• [Records for processing]

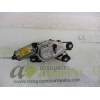 MOTOR LIMPIA TRASERO 1P0955711 W000017404 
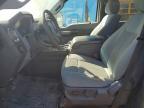 2015 Ford F350 Super Duty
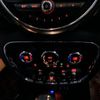 mini mini-others 2018 -BMW--BMW Mini DBA-LN20--WMWLN720402G79117---BMW--BMW Mini DBA-LN20--WMWLN720402G79117- image 18
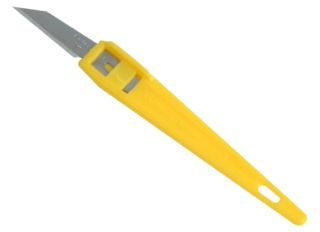 Stanley Disposable Craft Knives pk3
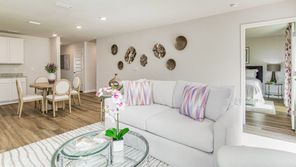 6469 FIREFLY DR (The Sullivan)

• [Exercise] Without including any picture, reproduce all of the material exactly.

• [The completed task]
 MOTOR LIMPIA TRASERO 1P0955711 W000017404 
 2015 Ford F350 Super Duty
 mini mini-others 2018 -BMW--BMW Mini DBA-LN20--WMWLN720402G79117---BMW--BMW Mini DBA-LN20--WMWLN720402G79117- image 18
 Stanley Disposable Craft Knives pk3
 6469 FIREFLY DR (The Sullivan)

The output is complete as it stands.